> _TASK REQUIREMENTS_: Below are entries with pictures in them. Output exactly the lines starting at the line with "Calvin Klein Black and White Midi Skirt" and ending at the line with "Esstisch Ausziehbar Keramik", both included, but not the pictures.

> _DATA UNDER STUDY_:
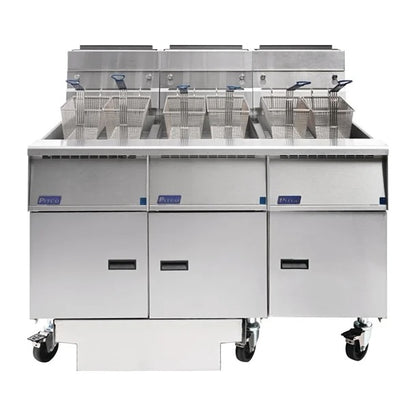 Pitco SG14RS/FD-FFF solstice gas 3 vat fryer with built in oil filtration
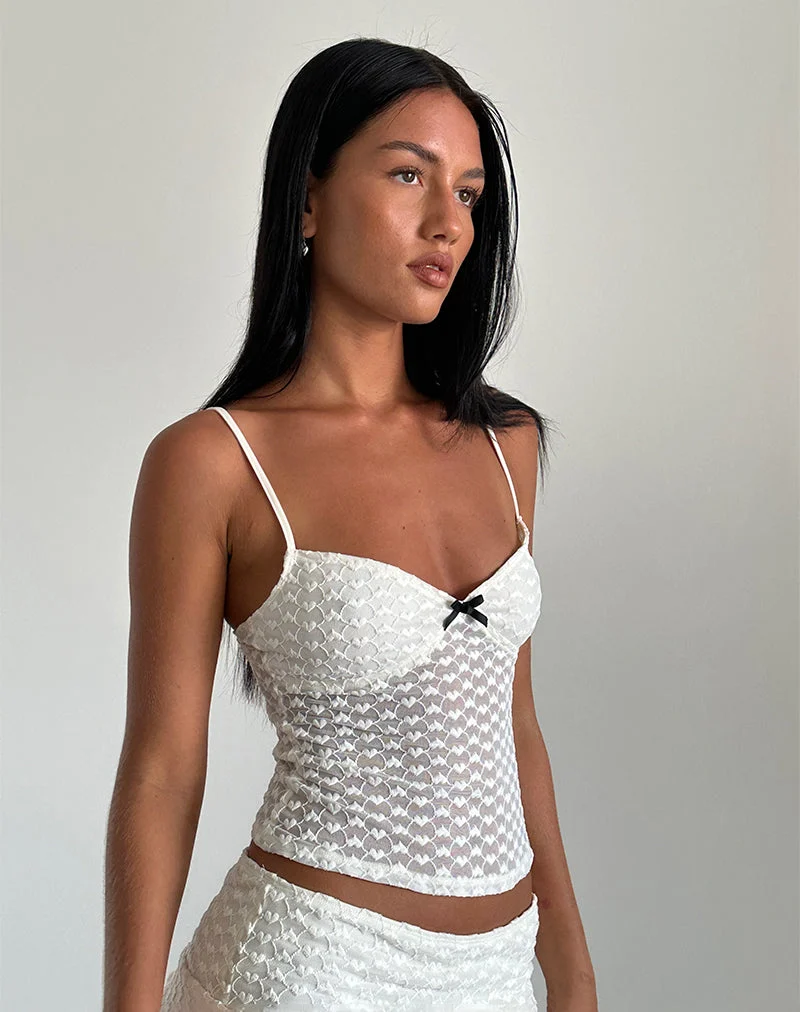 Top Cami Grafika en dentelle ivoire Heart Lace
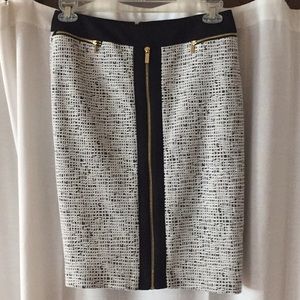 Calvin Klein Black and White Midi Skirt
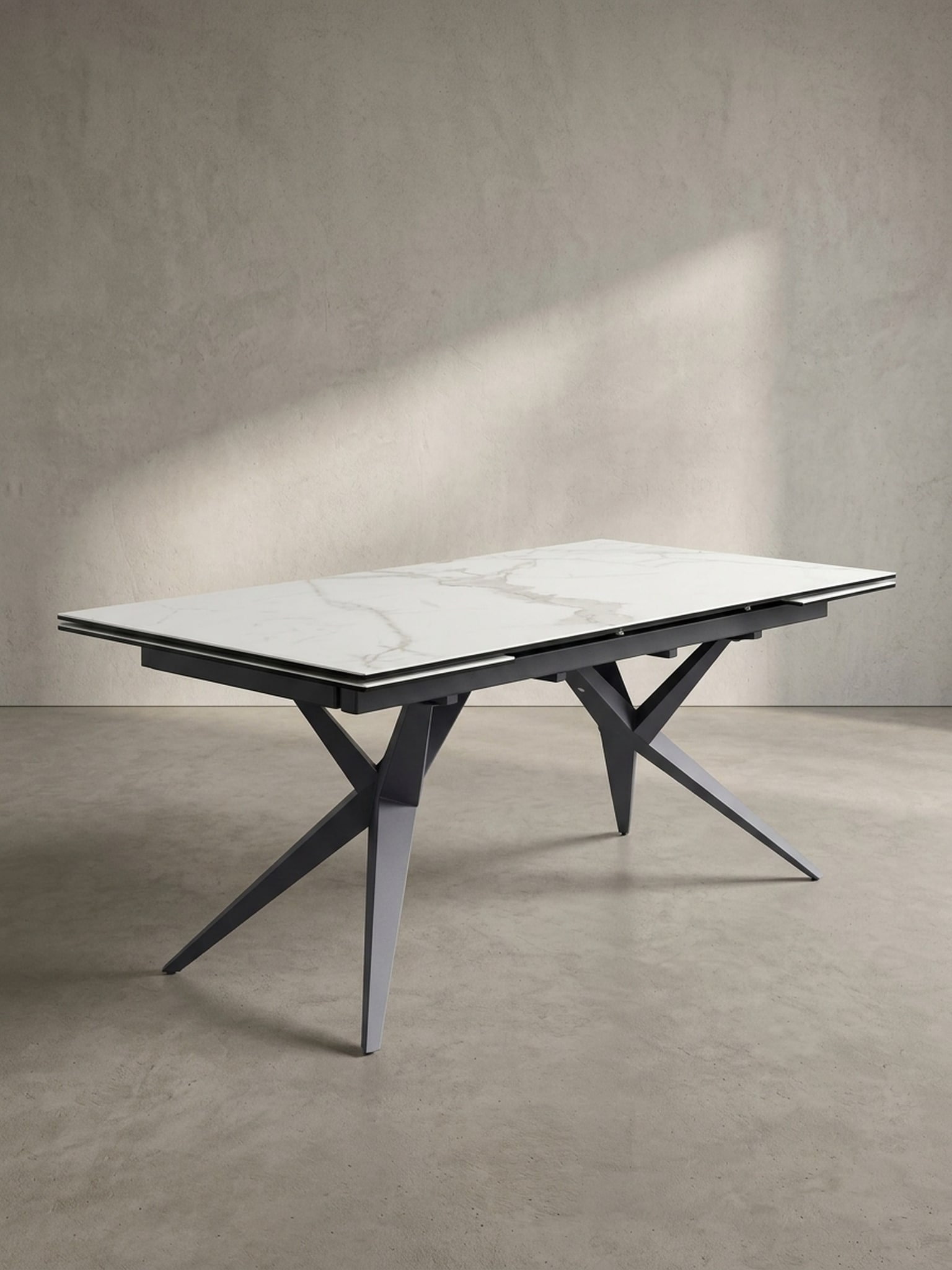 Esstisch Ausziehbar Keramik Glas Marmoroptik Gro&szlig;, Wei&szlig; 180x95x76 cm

...

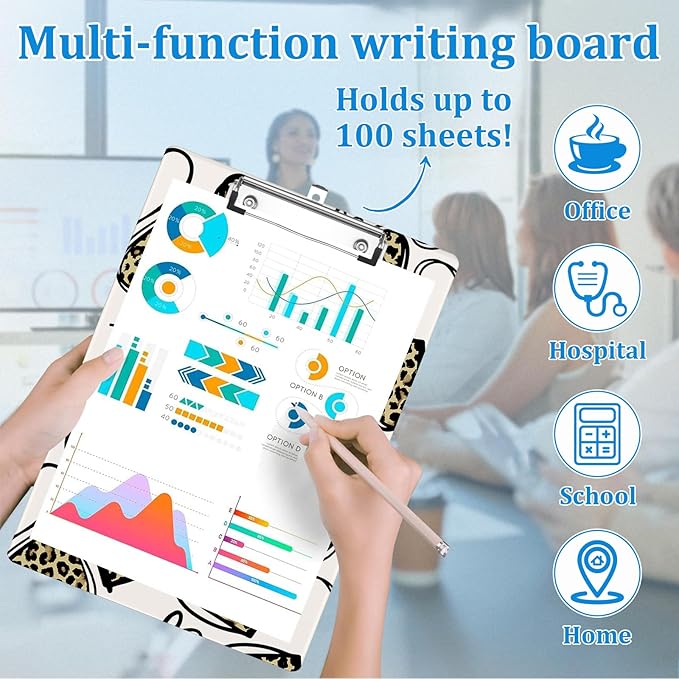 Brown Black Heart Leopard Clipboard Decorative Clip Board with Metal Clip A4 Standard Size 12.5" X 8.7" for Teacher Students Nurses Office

==

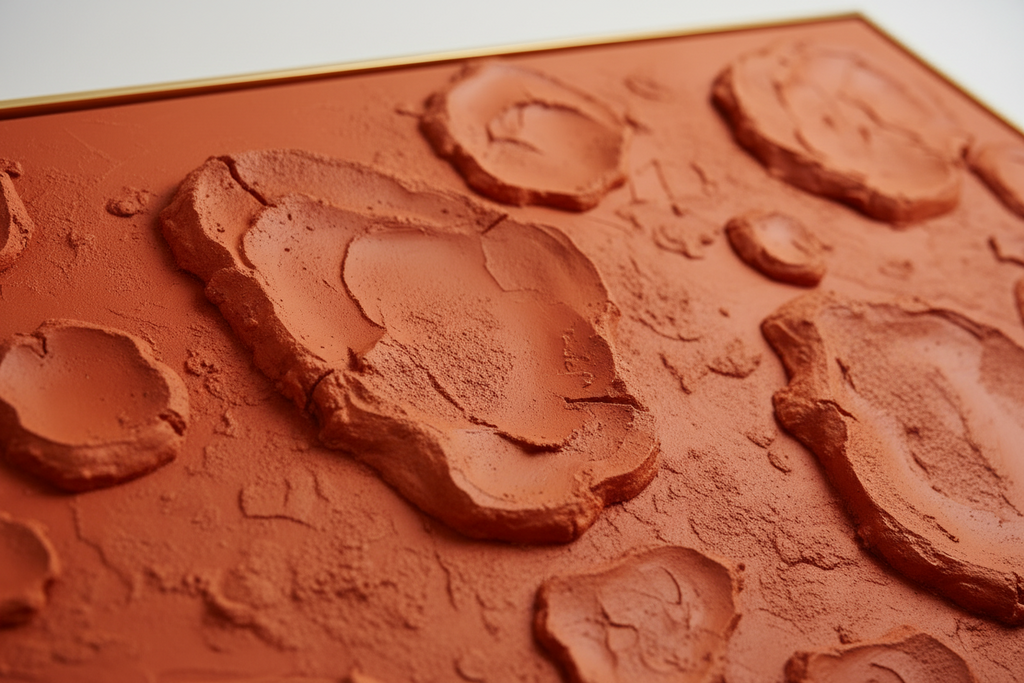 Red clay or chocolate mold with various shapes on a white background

> _RESPONSE TO THE TASK_:
 Calvin Klein Black and White Midi Skirt
 Esstisch Ausziehbar Keramik Glas Marmoroptik Gro&szlig;, Wei&szlig; 180x95x76 cm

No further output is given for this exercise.